Na Exortação Pós-Sinodal Querida Amazônia (2020, p. 10), o Papa Francisco adverte e afirma que sonha “com uma Amazónia que lute pelos direitos dos mais pobres, dos povos nativos, dos últimos, de modo que a sua voz seja ouvida e sua dignidade promovida. Sonho com uma Amazónia que preserve a riqueza cultural que a caracteriza e na qual brilha de maneira tão variada a beleza humana. Sonho com uma Amazónia que guarde zelosamente a sedutora beleza natural que a adorna, a vida transbordante que enche os seus rios e as suas florestas”.
Nesta perspectiva, apresenta um itinerário de luta pelos direitos dos mais pobres, dos povos indígenas, dos migrantes, dos camponeses/as, dos povos quilombolas, dos jovens e das mulheres, dos últimos. Assume a defesa dos povos e do território amazônico. O “Sonho Cultural” (p. 23-28), representa o desafio de reconhecer e conviver com a sociodiversidade amazônica, cuidar das raízes, promover o encontro intercultural, defender as culturas e os povos. O “Sonho Ecológico” (p. 31-40), é o sonho feito de águas profundas que recolhe os gritos da Amazônia, na profecia da contemplação, que promove uma educação ecológica capaz de mudar nossa relação com a natureza entendendo que “tudo está interligado nesta casa comum”.

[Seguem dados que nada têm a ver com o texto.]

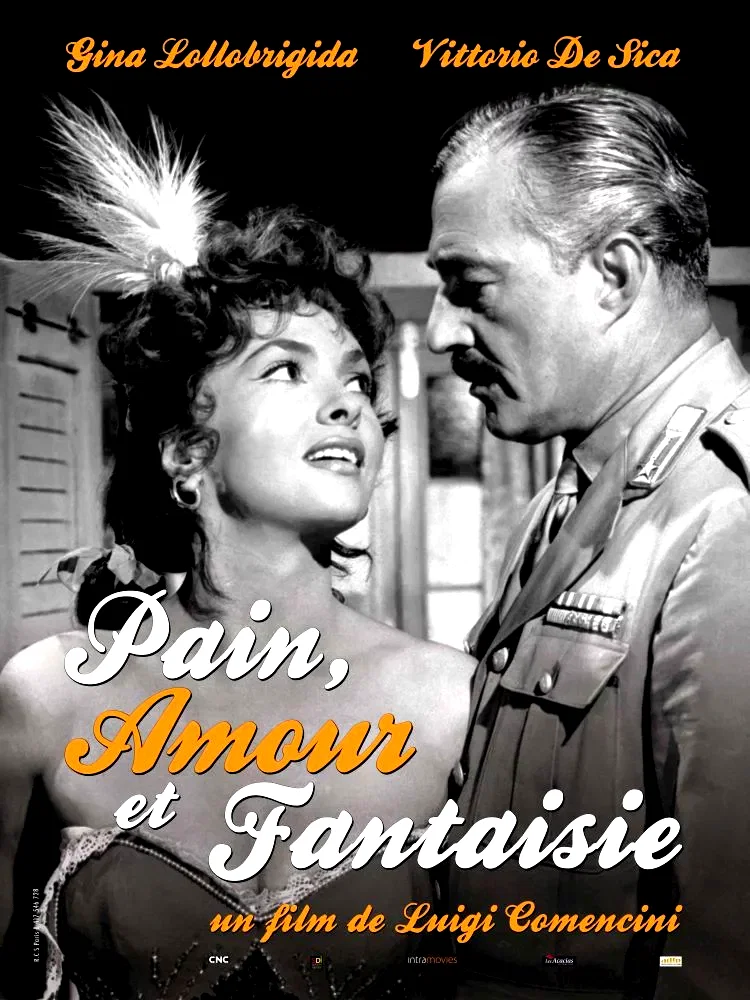 Photo du film : Pain, amour et fantaisie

O Papa Francisco na Carta Encíclica Laudato Si’: sobre o cuidado da casa comum (2015, p. 10), chama a atenção de toda a humanidade para o cuidado do planeta como nossa Casa Comum ameaçada, destruída, maltratada. E afirma que “uma ecologia integral requer abertura para categorias que transcendem a linguagem das ciências exatas ou da biologia e nos põem em contacto com a essência do ser humano.
Durante toda a Assembleia Sinodal celebrada em Roma de 6 a 27 de outubro de 2019, o Papa Francisco insistiu em que a Amazônia é o território por excelência da Ecologia Integral, este modo de vida que representa o “pleno desenvolvimento do gênero humano” num itinerário de profundas transformações num projeto de sociedade diferente, muito diferente da proposta capitalista. É um modelo de sociedade “que inclua claramente as dimensões humanas e sociais”. Trata-se de uma totalidade da sociedade, uma “ecologia ambiental, econômica e social” (p. 107). No final do artigo 159, chama a atenção para a relação com o ambiente como um todo e recorda que “o ambiente se situa na lógica da recepção. É um empréstimo que cada geração recebe e deve transmitir à geração seguinte. Uma ecologia integral possui esta perspectiva ampla”, finaliza o Papa (p.123).
É neste diálogo que são inseridos os povos da Amazônia, de modo especial, os povos indígenas, parcela da humanidade que comprova o cuidado da casa comum na qualidade de guardiões da floresta. A atenção especial que o Papa Francisco pede para com os povos da Amazônia é justamente pelo reconhecimento de que são depositários de um tesouro destinado a desaparecer. São guardiões do território, capazes de defender a Amazônia com a própria vida. No final do artigo 58 da ‘Querida Amazônia’ afirma que “não haverá uma ecologia sã e sustentável, capaz de transformar seja o que for, se não mudarem as pessoas, se não forem incentivadas a adotar outro estilo de vida, menos voraz, mais sereno, mais respeitador, menos ansioso, mais fraterno” (PAPA FRANCISCO, 2020, p. 45). Nesta perspectiva, os povos indígenas são um exemplo concreto de um futuro sereno, de uma espiritualidade integradora capaz de cuidar da casa comum com todo o respeito e amor à criação. Por tudo isso, celebrar o dia da Amazônia é assumir a causa de seus povos e a defesa deste território terrivelmente ameaçado.